Hamhung Royal Villa (Hangul: 함흥본궁, Hanja: 咸興本宮) is a villa located in Sonamudong, Sapogu Station, Hamhung. Designated National Treasure no. 107 of North Korea, the villa was the residence of Yi Seong-gye before he founded the Joseon Dynasty. The villa was also the birthplace Taejo's older offspring, including his second son (Yi Bang-gwa, 1357–1419, later Jeongjong of Joseon, the second king) and his fifth son (Yi Bang-won, 1367–1422, later Taejong of Joseon, the third king). After he abdicated in 1398 in favor of Jeongjong, Taejo rebuilt his residence at the site of his ancestor's land.

History

The founder of Joseon had lived here before he came to Hanyang to move the formal capital, Kaesong of Goryeo to the new land. After his second son succeeded the power, however, he did not stay at Hanyang, hoping to go to Hamhung.
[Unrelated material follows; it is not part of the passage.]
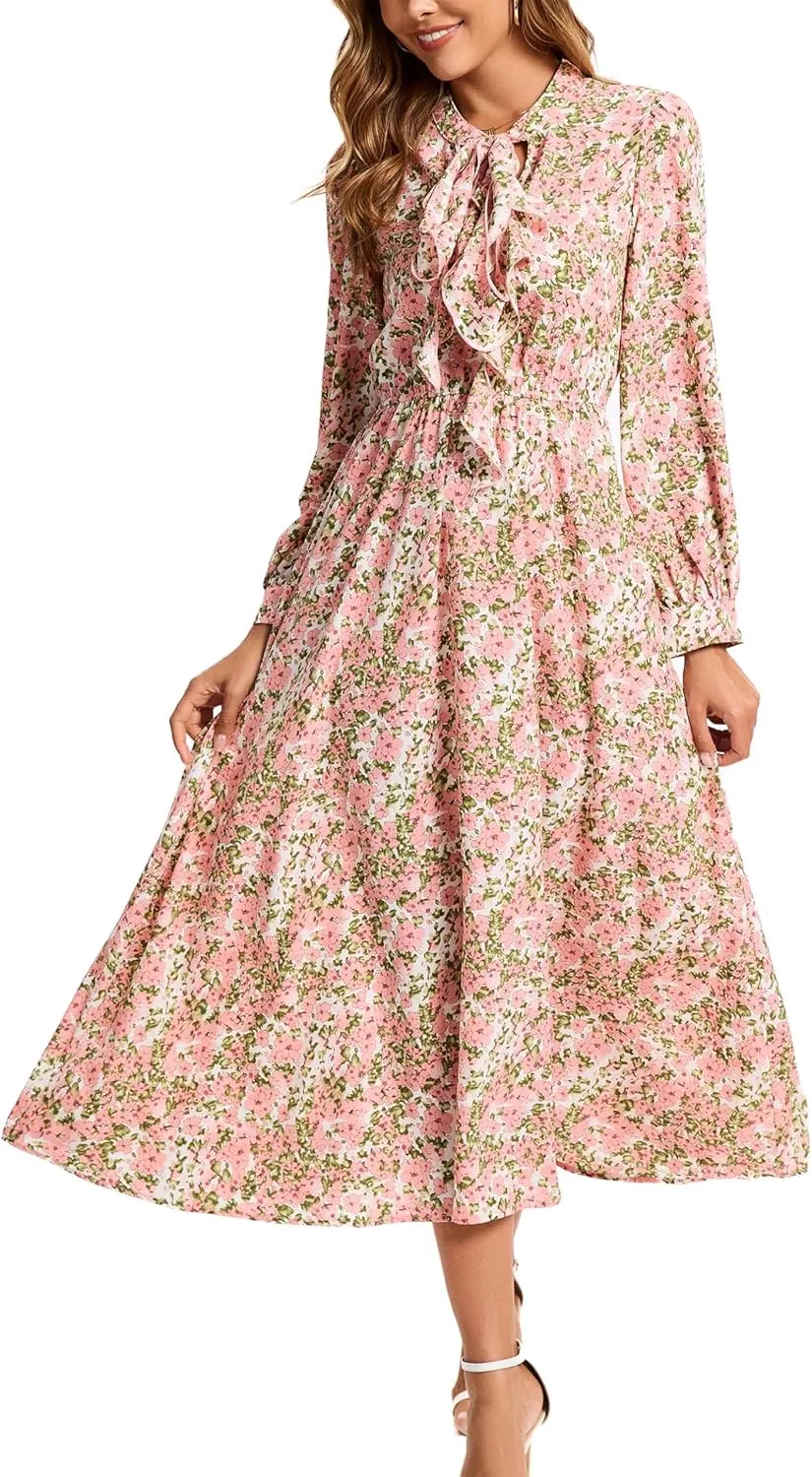 Kormei Women V Neck Tie Long Sleeve Boho Floral Fall Dress Wedding Guest Casual Maxi Long Cocktail Dress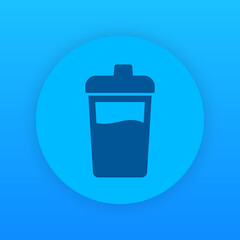 Sport shaker vector icon, nutrition for gym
At the time, there were several conflicts among his sons to take the throne and several faithful subjects were murdered amid the rebellions. The center of the bloody rebellion was the fifth son, almost forcing his brother to leave the throne. Angered by this incident, the founder did not encounter any envoys sent by his fifth son, Taejong of Joseon who eventually gained power as the third king. Taejo used to kill or confine the envoys. This became the root of the Korean proverb, 함흥차사 (Hamhungchasa): he went in - he never came back.

After the death of Taejo, the villa was used as the shrine to pay tribute for his family over 4 generations. The villa firstly featured royal architecture and norms, but the original structure was set on fire during Japanese invasions of Korea (1592–1598) and it was rebuilt in the late 17th century. Although some parts of the villa were destroyed during the Korean War, most parts have been restored.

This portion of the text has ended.